If you discover a security vulnerability in RalphCTL, please report it through GitHub's private vulnerability reporting.

Please do not open a public issue for security vulnerabilities.

• Description of the vulnerability
• Steps to reproduce
• Potential impact
• Suggested fix (if you have one)

• Acknowledgment within 48 hours
• A fix or mitigation plan within a reasonable timeframe
• Credit in the release notes (unless you prefer anonymity)

RalphCTL is a local CLI tool. The main security considerations are:

• File system access — ralphctl reads/writes to ~/.ralphctl/ and project directories
• Process spawning — ralphctl spawns AI provider CLIs (claude, copilot, codex) with user-provided prompts, plus SCM CLIs (gh / glab) and git for branch / PR / issue operations
• Minimal network access — ralphctl makes one outbound request of its own: a best-effort poll of the npm registry ( https://registry.npmjs.org/<package>/latest) to surface available upgrades, cached for 1 hour and skippable by setting NO_NETWORK. All other network activity (SCM via gh / glab, AI inference) is delegated to the spawned CLIs, which handle their own connections
• SCM operations — create-pr and issue sync shell out to gh / glab / git, which act on remote repositories using the credentials already configured on the machine
• User-authored scripts — setup / verify scripts run as shell command strings (shell: true); they execute with the invoking user's privileges, so only configure scripts you trust

The harness uses two orthogonal axes to constrain what a spawned AI session can touch:

• Capabilities (SessionPermissions) gate per-tool actions: canModifyRepoFiles, canRunShell, canAccessNetwork, autoApprove.
• Topology (cwd + additionalRoots + outputDir on the AiSession) defines which paths the AI can read or write at all.

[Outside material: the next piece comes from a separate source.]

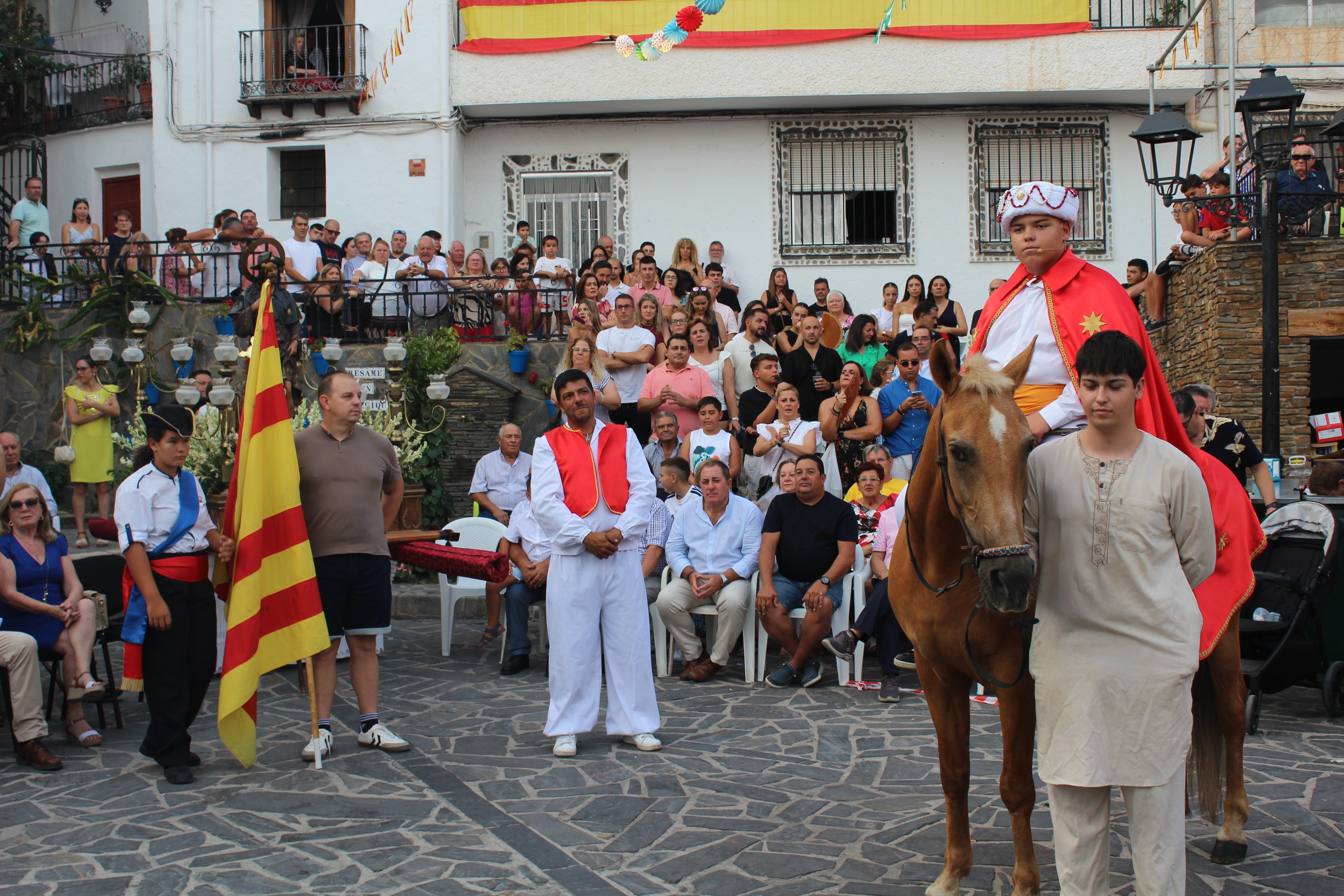 Velefique revive su pasión con los Moros y Cristianos, en imágenes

Topology is the primary defense. The Write tool is always allowed under every profile because the file-based provider contract requires the AI to land signals.json in outputDir — to deny writes to a tree, don't mount it. See CLAUDE.md § Security & Safety for the per-provider mapping (Claude Code / GitHub Copilot / OpenAI Codex).

Only the latest published version of ralphctl is supported. There is no backporting of fixes to older minors — if you're on an older release, the first step toward any fix is to upgrade. Reports against unsupported versions will be acknowledged but resolved by asking you to reproduce on latest.